* [Exercise details]
Using the material below, print a verbatim copy of every line from the one containing "3pcs Women's Solid" through the one containing "Bids.com 14K White", inclusive, and omit the pictures.

* [Data provided]
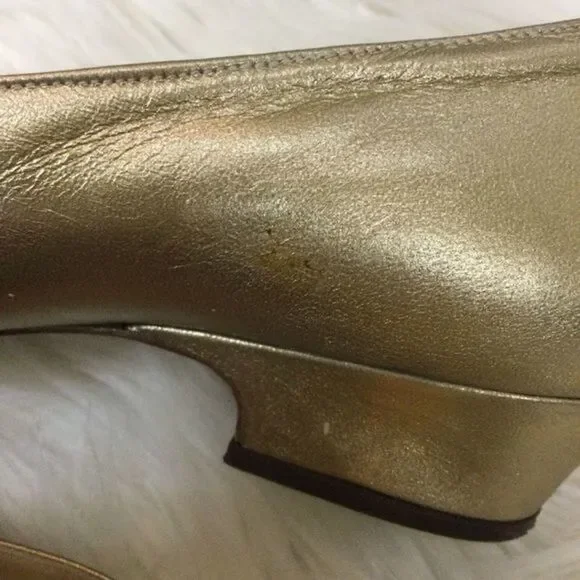 Bruno & Co Metallic Gold Leather Italian Flats Size 6 - Picture 11 of 12
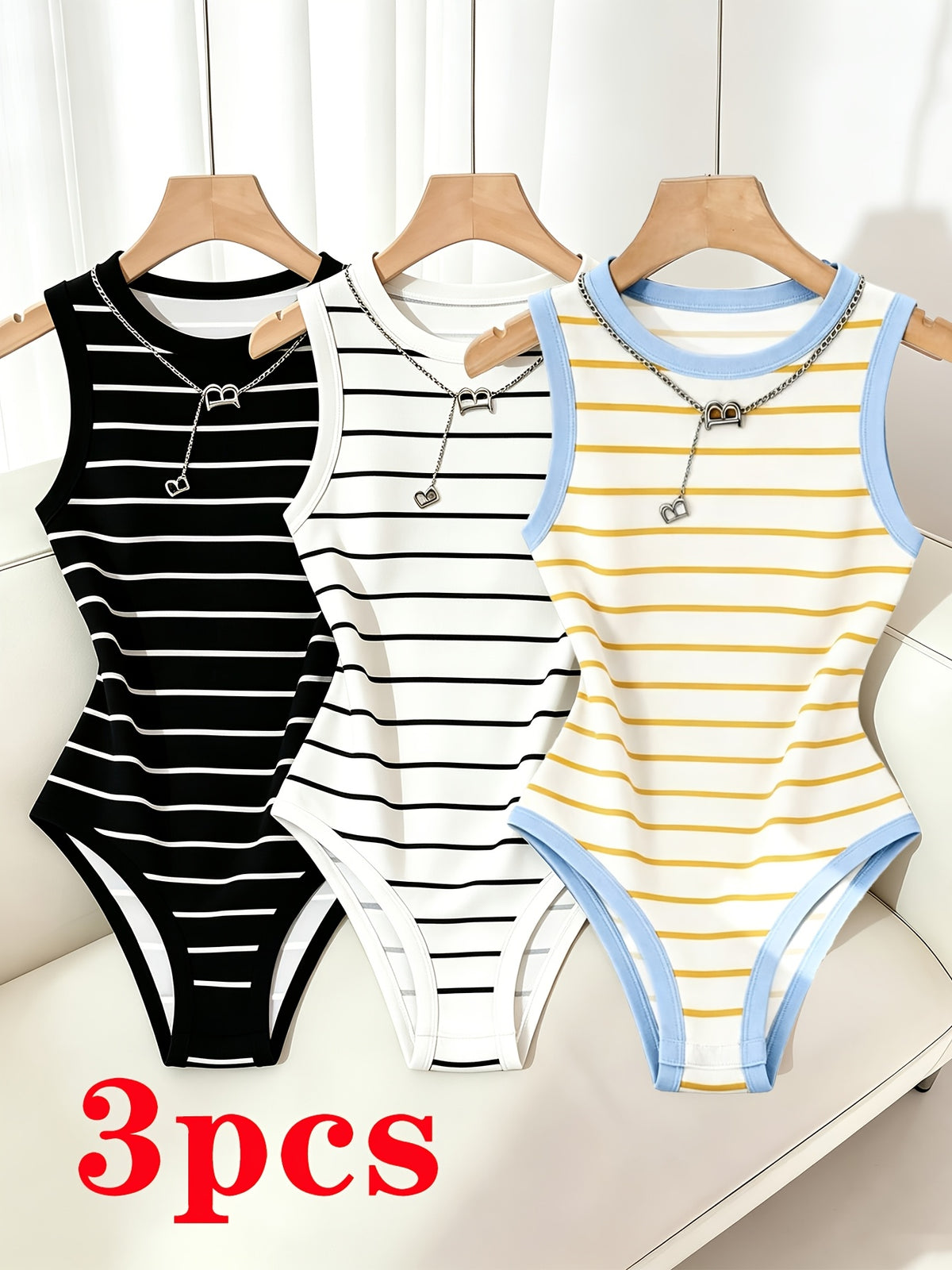3pcs Women's Solid Color Round Neck Casual Basic Bodysuit, Striped Bodycon Top for Summer, Seksi Chic, Carnival, Date, Beach Outing, Birthday, Outdoor Travel, Vacation, Spring - Black+white+blue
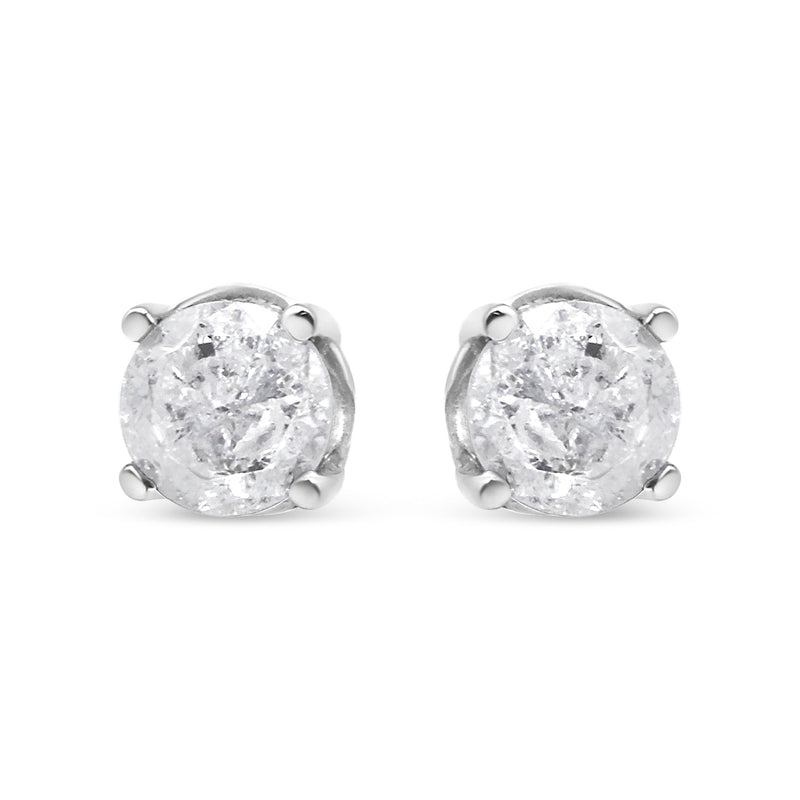 Bids.com 14K White Gold 3/4 Cttw Lab Grown Diamond 4-Prong Classic Stud Earrings (F-G Color, VS2-SI1 Clarity) Earrings White Smoke White.Gold / 0.75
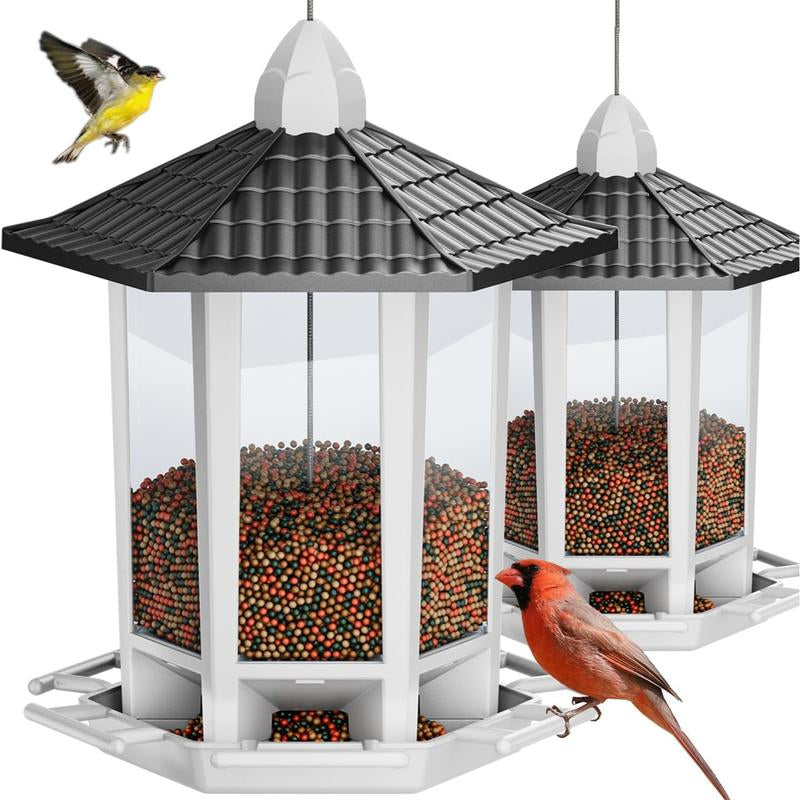 Birdream 2 Pack Bird Feeders for Outdoor Hanging, Retro Pagoda Design Fun Installation Bird Feeder, Attracting Wild Birds Chickadees Goldfinches Cardinals Finches and Sparrows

* [Completed task]
3pcs Women's Solid Color Round Neck Casual Basic Bodysuit, Striped Bodycon Top for Summer, Seksi Chic, Carnival, Date, Beach Outing, Birthday, Outdoor Travel, Vacation, Spring - Black+white+blue
 Bids.com 14K White Gold 3/4 Cttw Lab Grown Diamond 4-Prong Classic Stud Earrings (F-G Color, VS2-SI1 Clarity) Earrings White Smoke White.Gold / 0.75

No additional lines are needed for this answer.